Predictably, the incident has got extremely politicized with national, regional and local parties joining the fray of accusations and counter accusations. With Panchayat elections around the corner, the incident has taken a political hue. The Opposition parties in the state have demanded the resignation of the Tarun Gogoi-led Congress Government. Rumours are afloat that the Asom Gana Parishad, one of the main opposition parties, might have engineered the violence in order to deviate the peoples’ attention from the recent Saikia Commission Report indicting many of its party members of corruption. The political “spin off” of the violence is clearly visible with Shibu Soren, leader of the Jharkhand Mukti Morcha, visiting Guwahati to take stock of the situation as most of the adivasis belong to Jharkhand.

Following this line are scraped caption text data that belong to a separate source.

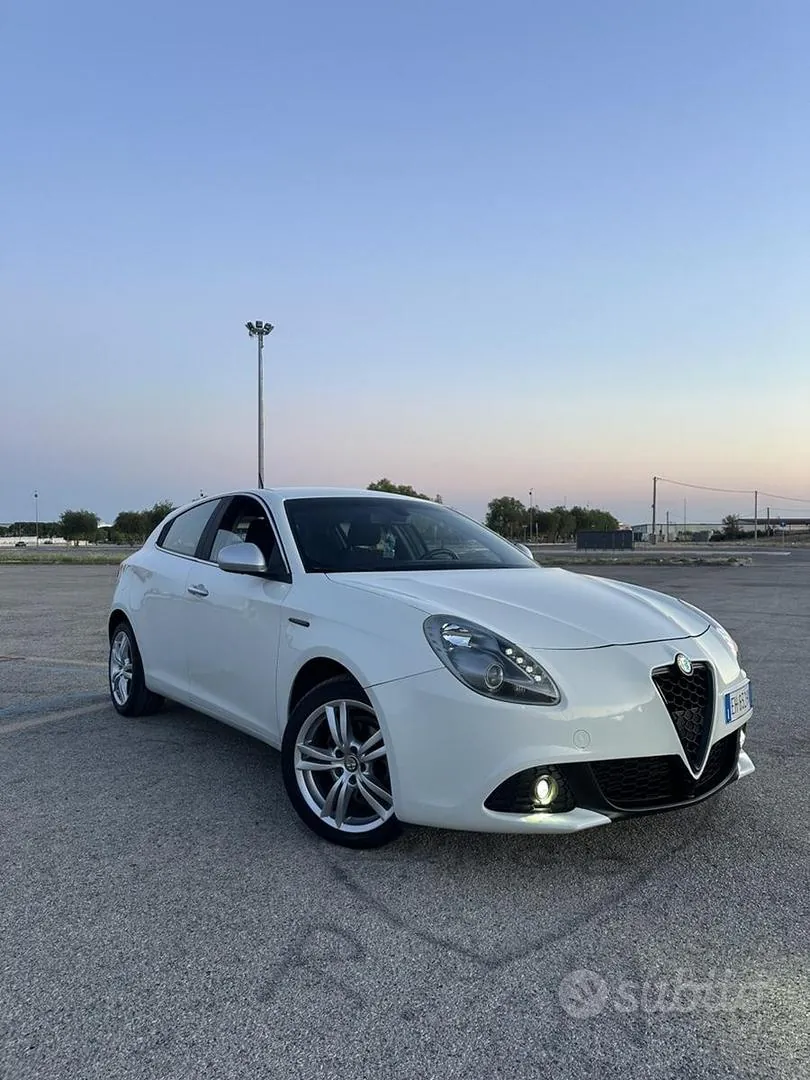 Alfa Romeo Giulietta 2012 photo 2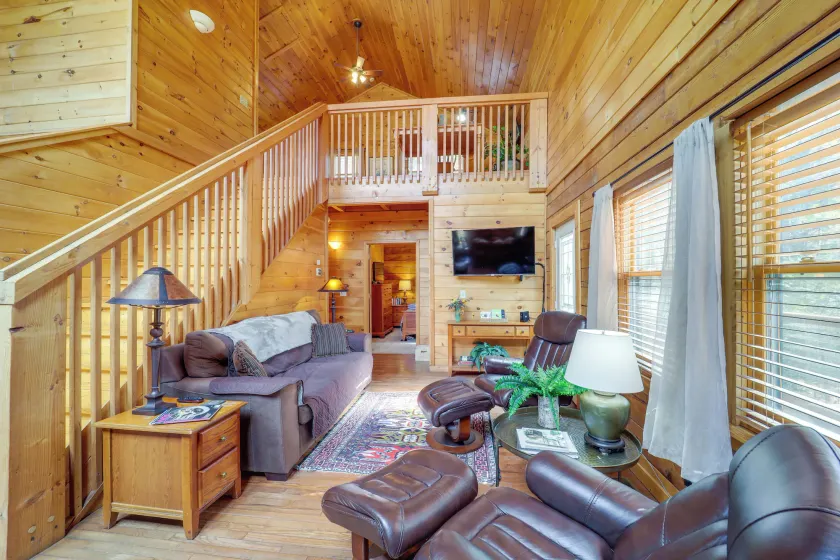 8 Mi to Appalachian Ski! Mtn-View Gem on 22 Acres - Image 1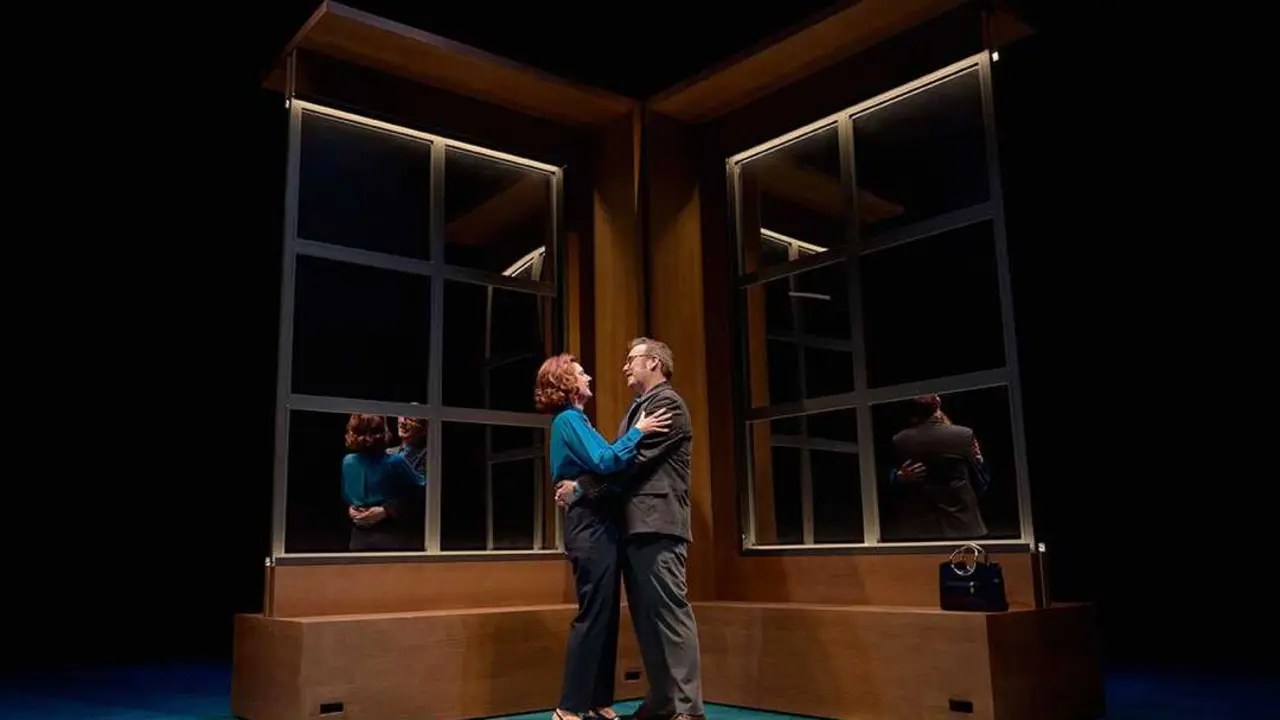 Un momento de la obra 'La Verdad'. Imagen de MarcosGpunto cedida por Teatro Infanta Isabel.
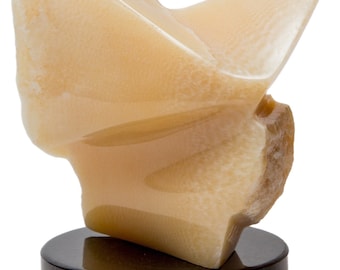 Handmade Onyx Sculpture: 'Flight' - Modern Art Centerpiece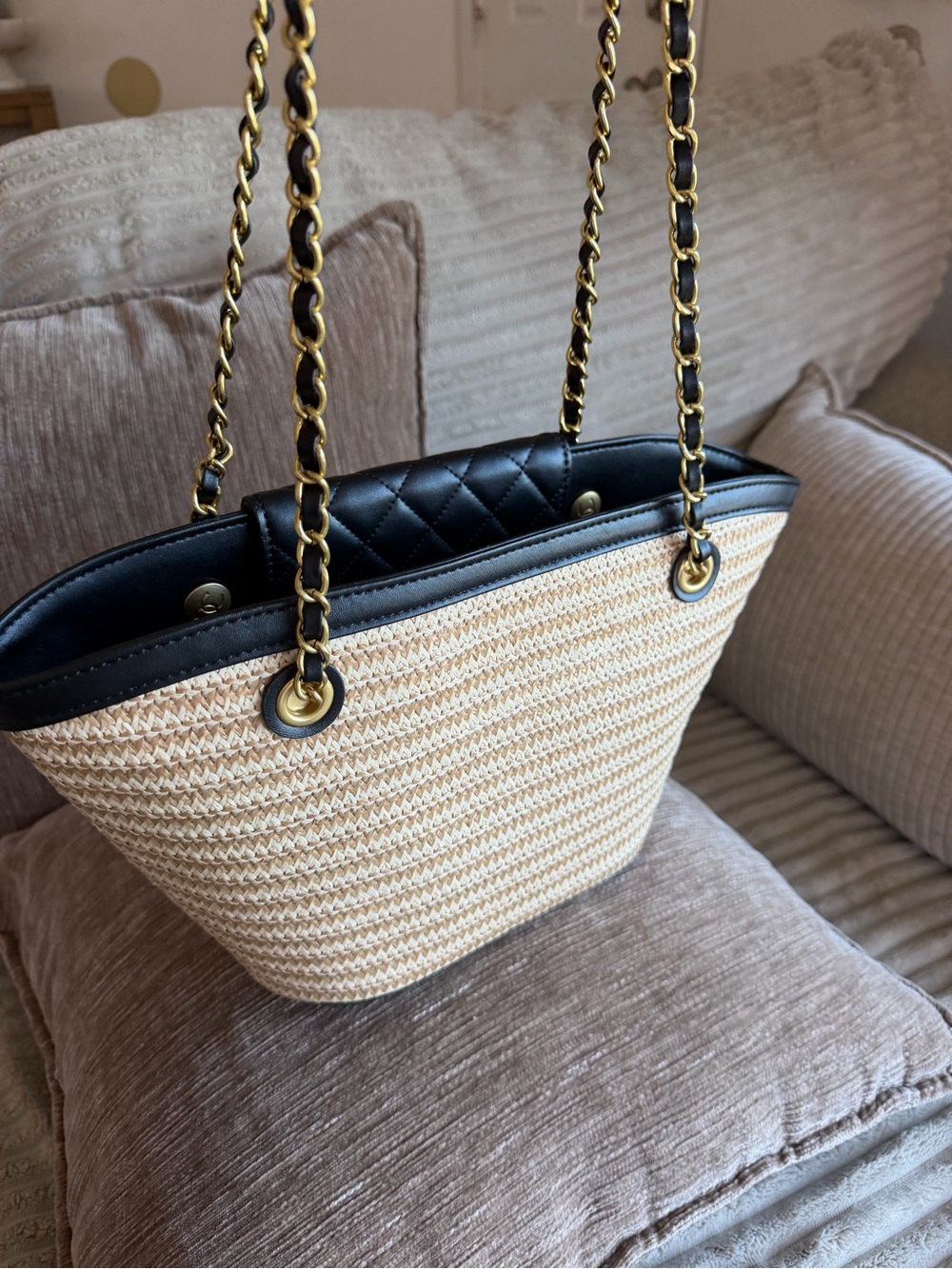 Chanel Logo Black Quilted Lambskin Flap and Straw Tote Bag - Picture 4 of 9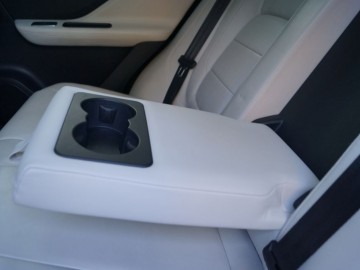 Jaguar F-Pace 3,0 TDV6 AT8 300 KM &ndash; Kocie sprawki
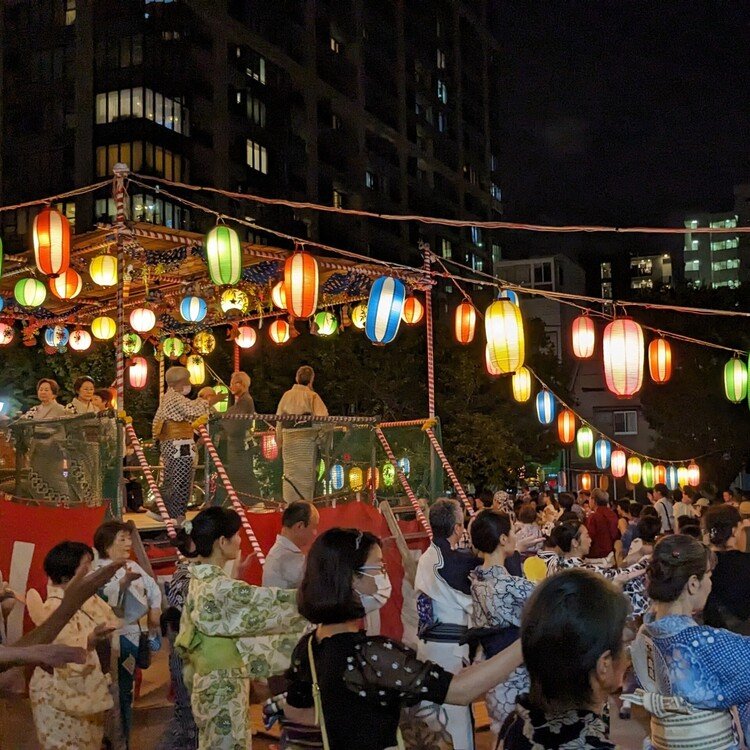 https://j-matsuri.com/teppousunouryoubonodori/

鉄砲洲児童公園で行われる盆踊り。大人にも子供にも優しい雰囲気が魅力。
#東京都
#鉄砲洲納涼盆踊り
#8月 
#まつりとりっぷ #日本の祭 #japanese_festival #祭 #祭り #まつり #祭礼 #festival #旅 #travel #Journey #trip #japan #ニッポン #日本 #祭り好き #お祭り男 #祭り好きな人と繋がりたい #日本文化 #伝統文化 #伝統芸能 #神輿 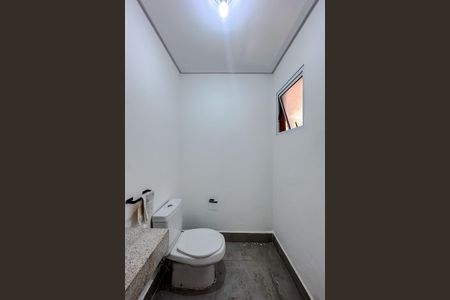 Casa para alugar com 170m², 3 quartos e 2 vagas Casa para alugar com 170m², 3 quartos e 2 vagasLavabo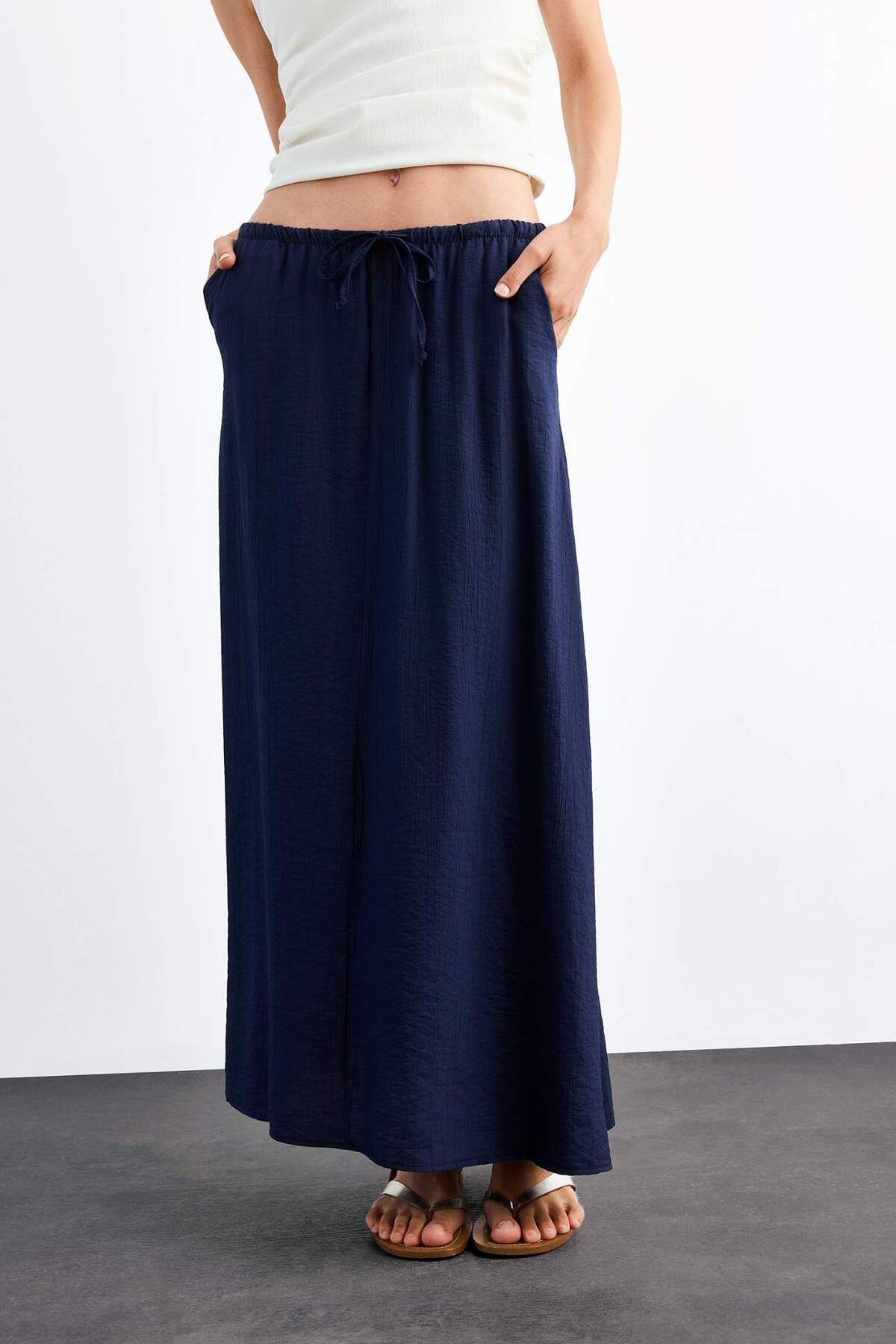 DeFacto-Relax Fit Elastic Waist Crinkle Fabric Midi Skirt G1093Ax25Sm 3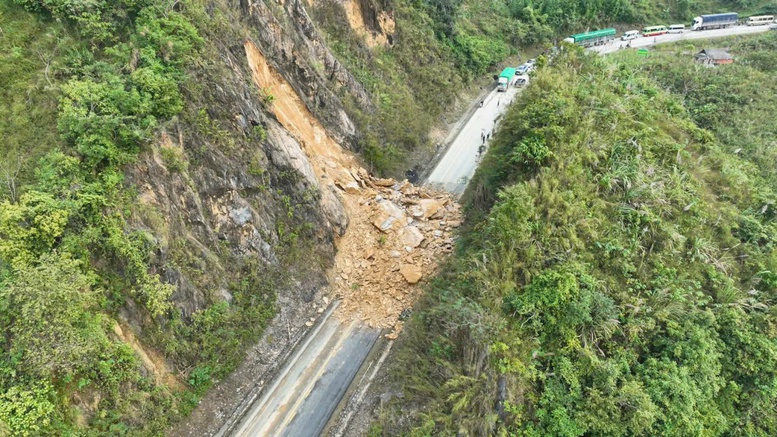 Quốc lộ 6 khôi phục lưu thông bình thường- Ảnh 1. Quốc lộ 6 khôi phục lưu thông bình thường- Ảnh 1.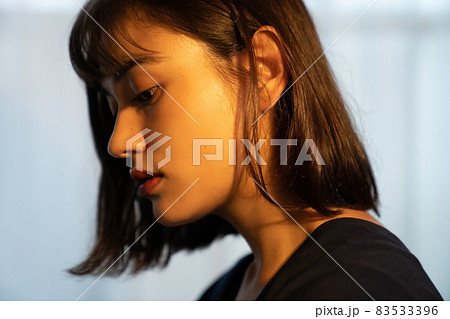 印象的な女性のポートレート 印象的な女性のポートレート 83533396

It is indeed worrisome that the strained social fabric and uneasy peace is spreading to other areas inhabited by tea garden workers. On November 28, large-scale violence broke out in the adjoining district of Sonitpur during a bandh called by the Chaotali Students’ Union (CSU). Since the bandh invoked a meager response from the locals, bandh supporters entered Tezpur town and forcefully tried to block roads and attacked business establishments and shops. Locals, on their part, very similar in pattern to the November 24 Beltola incidents retaliated violently. This resulted in thousands of nearby tea-garden workers rushing to the town with bows and arrows to add support to the CSU. These mobs managed to destroy the Rangapara police station and dispersed only after the army and the Central Reserve Police Force personnel were rushed to the area.
The prompt response by civil society organizations and public outpouring of support for victims of the November 24 violence is perhaps the only saving grace for Assam. The Chief Minister, Tarun Gogoi acknowledged this fact in a press conference on December 1 at Guwahati. Moreover, prominent publication groups like Anwesha, without taking sides, openly condemned the violence. The local media showed high maturity while reporting the incidents by not engaging in “hyperbole journalism”. Prominent Assamese public personalities like Dr Amalendu Guha, Dr Hiren Gohain, Harekrishna Deka, and Prof Hiren Dutta had cautioned the local media against highlighting incidents that could aggravate the already tense situation.
The question however remains: how to prevent such violent incidents in the future? The answer lies at both the sociological and strategic level. Sociologically, as long as discrimination exists at the social, economic and political level, marginalized people will resort to “violent and non-violent” means to express their grievances. The root causes of their deprivation and resultant grievances must be realistically addressed. Strategically, and as an immediate response, the Assam state police needs to be better trained and equipped, motivated and better paid if at all an efficient and prompt pre-emptive action is to be activated to thwart similar acts of internal violence in the future.